Michal Aharoni

Michal Aharoni is a communications consultant.

The Likud brand is detached from reality

The Likud loves telling us they "represent the people." Culture and Sport Minister Miri Regev is convinced she has helped slay old ethnic demons, and even Prime Minister Benjamin Netanyahu adamantly claims to possess "a Sephardi gene." But the results of the Likud primary election reveal that outside of Regev and Social Equality Minister Gila Gamliel, the party's leadership consists entirely of Ashkenazi men.

Yisrael Katz, Gideon Sa'ar, Gilad Erdan, Nir Barkat, Yariv Levin, Yoav Gallant and Avi Dichter; they are joined by Yuval Steinitz, Zeev Elkin and Ofir Akunis. Some will argue that "Akunis isn't Ashkenazi, his father is Greek." But when you look at his biography, his privilege is undeniable: raised in north Tel Aviv, studied at the Herzliya Hebrew Gymnasium high school, and served in the IDF as an army reporter.

The others, too, don't really represent the challenges faced by people living in the periphery. Truth be told, these are men whose place in Israeli society is assured, either due to their own financial success or upbringing. Gallant, the former general, hails from the IDF; Dichter headed the Shin Bet security agency; Barkat is a millionaire. Yuli Edelstein was a Prisoner of Zion in the former Soviet Union, and when he moved to Israel he traversed the customary immigrant path.
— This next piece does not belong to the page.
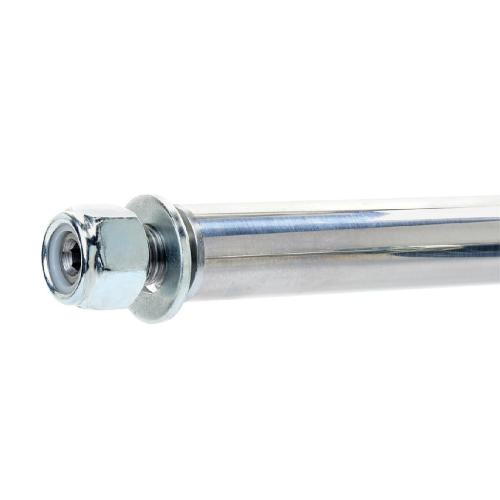 RIDEX PLUS 854S1592P 2x Stoßdämpfer Federbein Gasdruck Vorne für OPEL ZAFIRA B Bild RIDEX PLUS 854S1592P 2x Stoßdämpfer Federbein Gasdruck Vorne für OPEL ZAFIRA B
Aside from Regev and Gamliel, there is no Sephardi representation among the Likud's upper tier of lawmakers, certainly no one from the periphery, which the Likud purports to represent. The list encapsulates all of that which they accuse Labor and Meretz: elitism, privilege and exclusion of anyone who looks and sounds a little different.

How can such a list be perceived as popular and representative, while the Zionist Union, where Avi Gabbay and Amir Peretz vied for leadership, is viewed as condescending? Could it be that the voters don't actually care about their candidates' economic status and social background? Is it possible that the descendants of Israel's first wave of Sephardi immigrants no longer relate to the plight of their forbearers? And is the constant search by new parties, such as the Israel Resilience party, after Sephardi candidates – unnecessary?
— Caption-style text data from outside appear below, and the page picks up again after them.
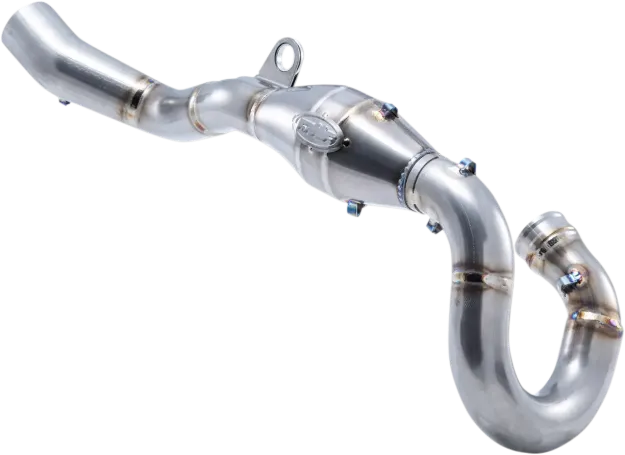 SX Style MegaBomb Header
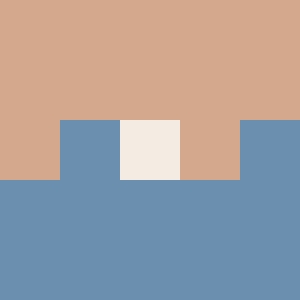 XBAOS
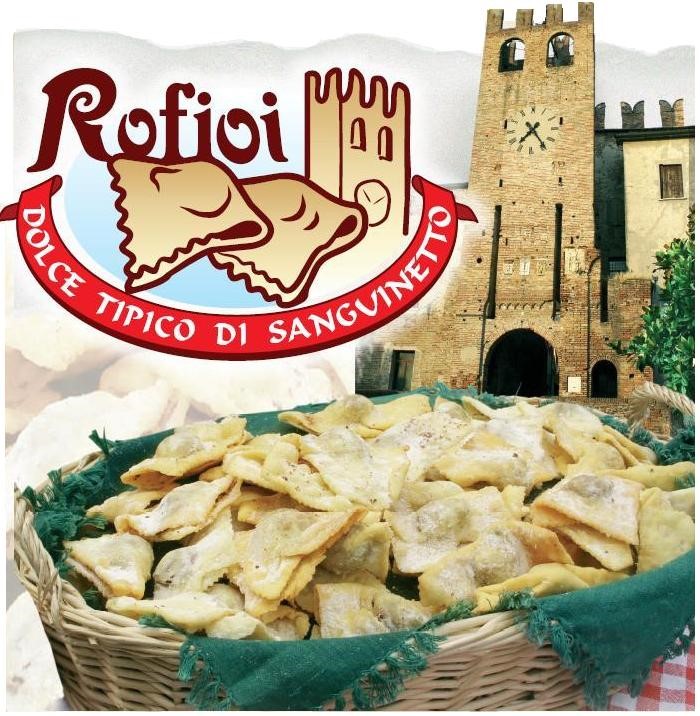 rofioi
Like any brand, it doesn't matter what you really are, rather what you project to the public. The Likud, as a brand name, is perceived as a party that booted the elites and changed the social order in Israel. To this day, it leans on the words and actions of Menachem Begin. Indeed, Begin fought against discrimination and the institutionalized preferential treatment of card-carrying Laborites, but more than anything he managed to paint Likud as the party of Sephardi Israelis and Labor as the party of the Ashkenazi elites.

This seminal branding is still effectual, even though it is entirely unrelated to reality. The people who lead Likud could just as easily belong to Yair Lapid's Yesh Atid party. Facts have long ceased to mean much, but even in the age of fake news we must insist on them: The Likud's Knesset list is elitist, white and rich, and has nothing to do with the values it professes to represent.